でも・・・、わたしは、今から肩書きがない。
もう、学生じゃない。なのに、働いていない。
誕生日が迫っていて、こんな状態なのに大人にならなきゃいけないことに追い詰められて、
わたしは最後のオーバードーズ(薬を大量に飲むこと)をした。
これだけ飲めば、死ねるだろうと思っていた。
今だから笑えるけど、全然致死量に達してなかったらしい。知識なかったのね(笑)
何を思ったのか知らないけれど、わたしは綺麗な服を着て、おばあちゃんが入院している病院へと向かった。どうやらそこで、おばあちゃんにクリニックへ行くように説得されて、わたしはかかりつけの精神科へ向かった。

そして、怒られた。
時間が経って、薬が抜けてきたのか、少しずつ意識がはっきりしてきた。
あれ?どこで怪我したんだろう?血が出てる。
あれ?この服・・・選んだっけ?なんか、メイクの色の組み合わせ、変じゃない?

ぼんやりとした頭で、目の当たりにするそんな小さな事実が、とてつもなく恐怖だった。
記憶があるようでいて、記憶がない。

自分が何をしているのか、認識できないということが、こんなにも怖いことなのか、と思った。
S先生は、もし今後、自殺に繋がるような変なことをしたら、もうクリニックでは手に負えないから、ここでは診ないぞ。
大きい病院じゃないと無理だからな。
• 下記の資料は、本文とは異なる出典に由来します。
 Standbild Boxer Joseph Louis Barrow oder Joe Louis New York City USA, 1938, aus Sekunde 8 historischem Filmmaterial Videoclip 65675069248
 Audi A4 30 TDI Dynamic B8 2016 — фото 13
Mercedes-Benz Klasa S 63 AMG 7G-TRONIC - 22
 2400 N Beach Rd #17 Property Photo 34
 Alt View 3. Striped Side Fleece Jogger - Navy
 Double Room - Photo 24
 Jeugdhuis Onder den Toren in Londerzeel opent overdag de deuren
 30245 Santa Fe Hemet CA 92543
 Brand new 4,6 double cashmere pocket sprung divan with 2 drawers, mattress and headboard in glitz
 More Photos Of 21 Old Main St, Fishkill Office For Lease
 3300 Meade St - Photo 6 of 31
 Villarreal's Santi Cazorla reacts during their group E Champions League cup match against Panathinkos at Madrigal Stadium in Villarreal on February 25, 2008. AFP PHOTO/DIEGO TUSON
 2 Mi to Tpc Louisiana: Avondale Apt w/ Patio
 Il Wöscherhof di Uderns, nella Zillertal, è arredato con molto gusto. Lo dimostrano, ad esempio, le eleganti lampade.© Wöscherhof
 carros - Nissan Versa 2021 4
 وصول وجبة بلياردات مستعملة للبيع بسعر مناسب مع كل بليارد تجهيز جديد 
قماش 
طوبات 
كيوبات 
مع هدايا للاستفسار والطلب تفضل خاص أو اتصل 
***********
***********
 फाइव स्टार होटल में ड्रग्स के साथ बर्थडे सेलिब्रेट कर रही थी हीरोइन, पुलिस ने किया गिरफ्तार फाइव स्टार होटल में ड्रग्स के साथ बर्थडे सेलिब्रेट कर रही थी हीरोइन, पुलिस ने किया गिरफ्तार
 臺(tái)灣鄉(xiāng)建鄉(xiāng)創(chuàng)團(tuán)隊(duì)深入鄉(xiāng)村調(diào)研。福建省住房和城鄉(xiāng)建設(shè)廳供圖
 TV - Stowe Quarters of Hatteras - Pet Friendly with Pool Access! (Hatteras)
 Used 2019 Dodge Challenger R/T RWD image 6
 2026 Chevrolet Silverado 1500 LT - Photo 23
って言った。
わたしは、大学近くのクリニックで嫌な先生ばかりに会ってきて、地元のS先生に診てもらうためだけに大学をやめてこっちに戻ってきたんだ。ほかの病院なんていきたくない。
こんなこと繰り返しながら生きていたいのか? もう、こんなこと止めたいのか?

・・・やめたい。
治したい。

治さなきゃ。


目が覚めるたびに、今日も生きていることに絶望して、ただ時が過ぎる事実そのものが、体にささるむしろのようで。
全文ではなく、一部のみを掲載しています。